International consultancy KPMG has released “The Future State 2030” report, identifying global megatrends that will require governments to change their actions to be effective in the future

Global professional services firm KPMG International launched on Thursday its “Future State 2030” report, which identified the megatrends worldwide that will affect the way people live and how governments should act in the years ahead.

There are nine megatrends in the report, and while all interrelated, the firm has divided these trends into three categories. One of them is the the physical environment, which considers urbanisation, climate change, and resource stress as critical developments affecting this area.

The other six megatrends are grouped into those affecting the status of people – demographics, the rise of the individual, enabling technology – and changes in the global economy, specifically public debt, economic power shift, and economic interconnectedness.

According to the firm, which collaborated with The Mowat Centre of the University of Toronto, the impacts of these trends are far-reaching, and require a coordinated set of responses that will ensure its effects are addressed, if not eliminated.

We are now at a critical juncture. Governments must take a longer view of accelerating social and environmental challenges. Without significant changes, the impact of these identified megatrends will far outstrip governments’ ability to meet the needs of people in the next 20 years

Satyanarayan R Satya, KPMG head for government and infrastructure in the Asia Pacific

“Governments have been focused on short-term issues due to different factors, such as the global financial crisis and its aftermath,” noted Satyanarayan R Satya, KPMG’s head for government and infrastructure in the Asia Pacific.

“But we are now at a critical juncture. Governments must take a longer view of accelerating social and environmental challenges. Without significant changes, the impact of these identified megatrends will far outstrip governments’ ability to meet the needs of people in the next 20 years.”

Climate change, for instance, due to the increasing greenhouse gas emissions around the world, has already resulted to unpredictable changes in the environment, testing the resilience of both built and natural systems, explained the firm.

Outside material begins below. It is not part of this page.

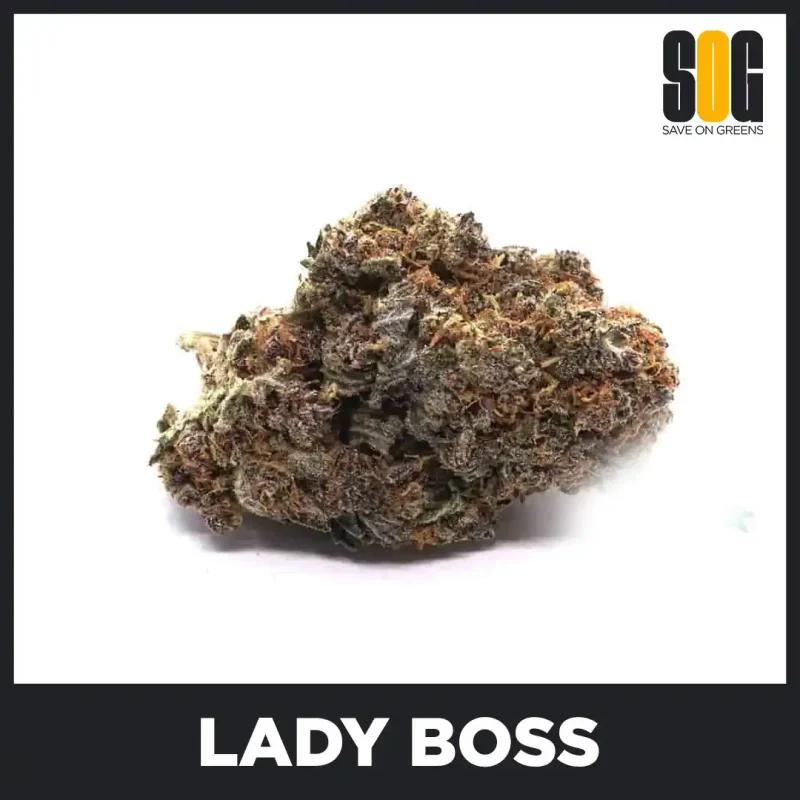Lady Boss AAAA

Governments have to achieve the right combination of adaptation and mitigation policies to combat climate change, they added.

Similarly, the “combined pressures of population growth, economic growth, and climate change” have put an enormous stress on the environment, the report noted. Natural resources are dwindling, which can trigger crises on water, food, land and energy.

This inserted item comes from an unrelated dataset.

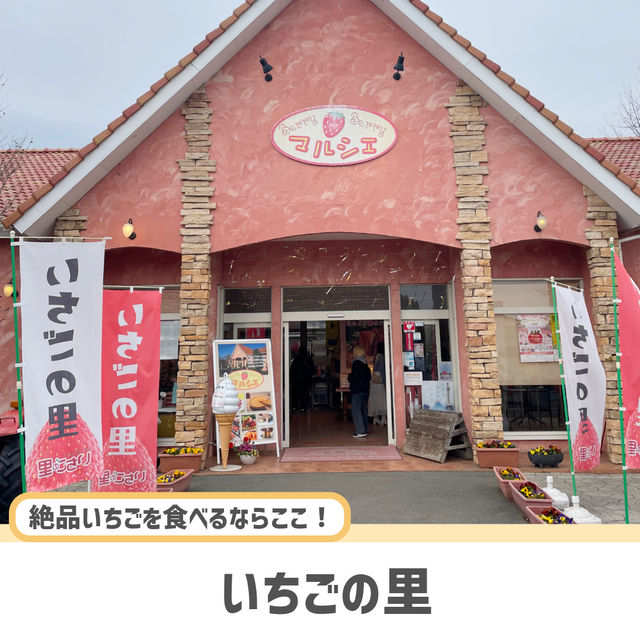 【栃木】タイムリミット15秒の絶品パンケーキ🥞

There needs to be a 50 per cent increase in global food production and a 40 per cent increase in water if demand in 2030 is to be met, cited the report. This dynamic is strongly tied to resource scarcity, it added.

As such, governments have to put a sustainable resource management in place, KPMG noted.

Cities and their local leaders also have to pay close attention to the challenges posed by the increasing population in these areas. The report cited how urbanisation is exerting pressure on infrastructure and resources, most notably, on energy.

“The impact of these megatrends is not limited by borders. Governments will have to consider implications both within and outside of their jurisdictions,” said Satya.

Nick Chism, global chair for government and infrastructure, noted in the 80-page document how governments have to increase international collaboration, and not just focus on local engagement.

“Concerted capacity development in evidence-based policy development and stakeholder management will be essential to making the most of opportunities and managing risks in a changing world.”

The report, while outlining the trends, also recommended changes that the public sector should implement.

The effectiveness of leaders will be judged on their long-term planning and how they deliver effective programmes, the firm emphasised.

“Further, they have to work to continue building trust with their people so that the difficult changes that the megatrends necessitate can be put through,” noted Satya.